Write every entry out again with no changes, and leave the images behind.

(Source material)

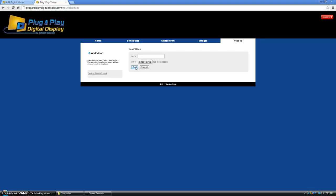Now that you know how to add pictures and videos to your account, go ahead and proceed to the next tutorial which is creating slideshows.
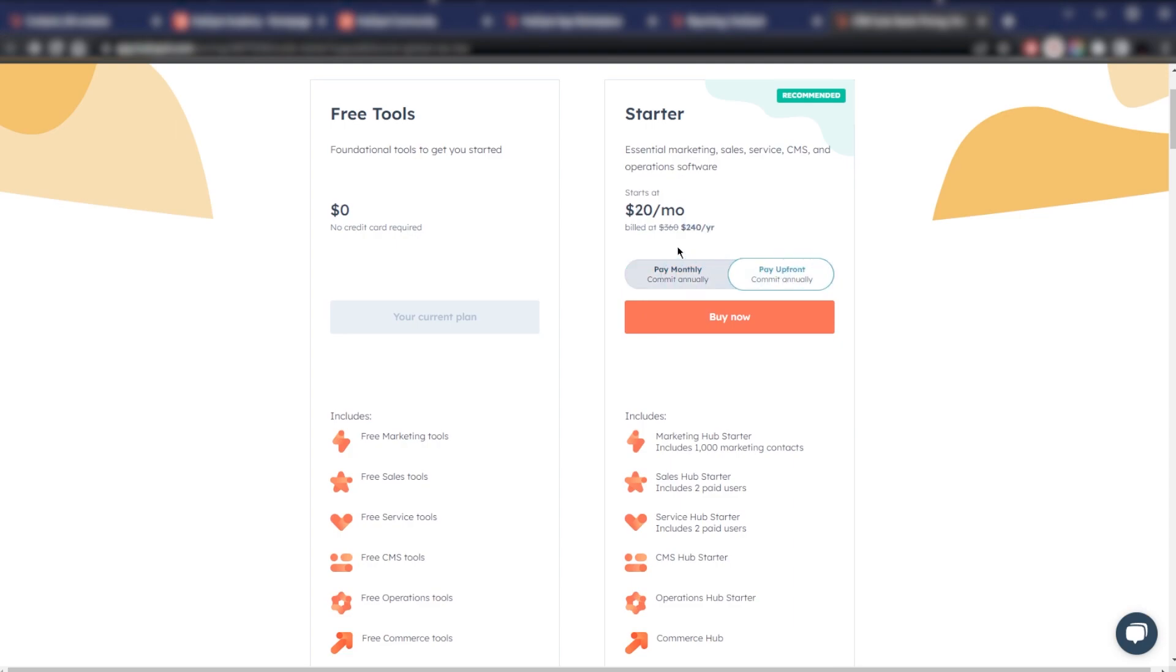Because you'll be saving quite a bit. So instead of $360, you'll just be paying $240, saving $120. You should definitely do that. And besides that, it is definitely best suited for growing businesses or solo entrepreneurs that need a little more than the basics.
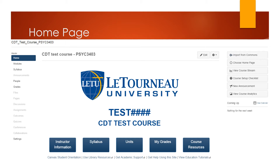Underneath these buttons, there are additional links. Canvas Student Orientation is a Canvas guide specifically tailored for students, which provides documentation of all the Canvas guides specifically designed for students, and is a great place for students to start if they're having issues with Canvas. Use Library Resources links you to Laeterno University's library website. Get Academic Support links you to the Achievement Center website.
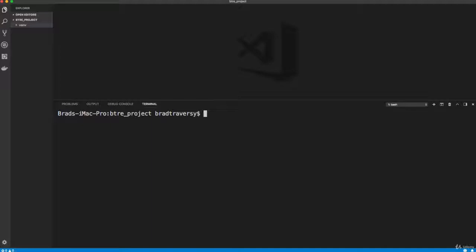So we're not currently in that environment. So to activate that environment on a Mac, we want to do source.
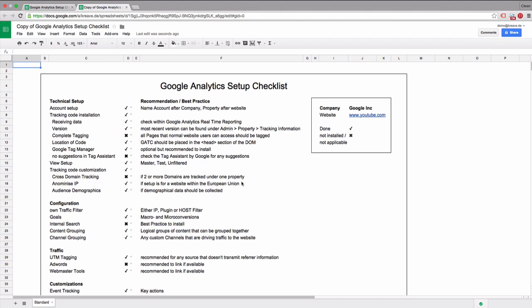Now that we've made a copy, you can rename this checklist to the client that you have and put in the right company details and the right website.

(End Source material)

Answer for the task –
Now that you know how to add pictures and videos to your account, go ahead and proceed to the next tutorial which is creating slideshows.
Because you'll be saving quite a bit. So instead of $360, you'll just be paying $240, saving $120. You should definitely do that. And besides that, it is definitely best suited for growing businesses or solo entrepreneurs that need a little more than the basics.
Underneath these buttons, there are additional links. Canvas Student Orientation is a Canvas guide specifically tailored for students, which provides documentation of all the Canvas guides specifically designed for students, and is a great place for students to start if they're having issues with Canvas. Use Library Resources links you to Laeterno University's library website. Get Academic Support links you to the Achievement Center website.
So we're not currently in that environment. So to activate that environment on a Mac, we want to do source.
Now that we've made a copy, you can rename this checklist to the client that you have and put in the right company details and the right website.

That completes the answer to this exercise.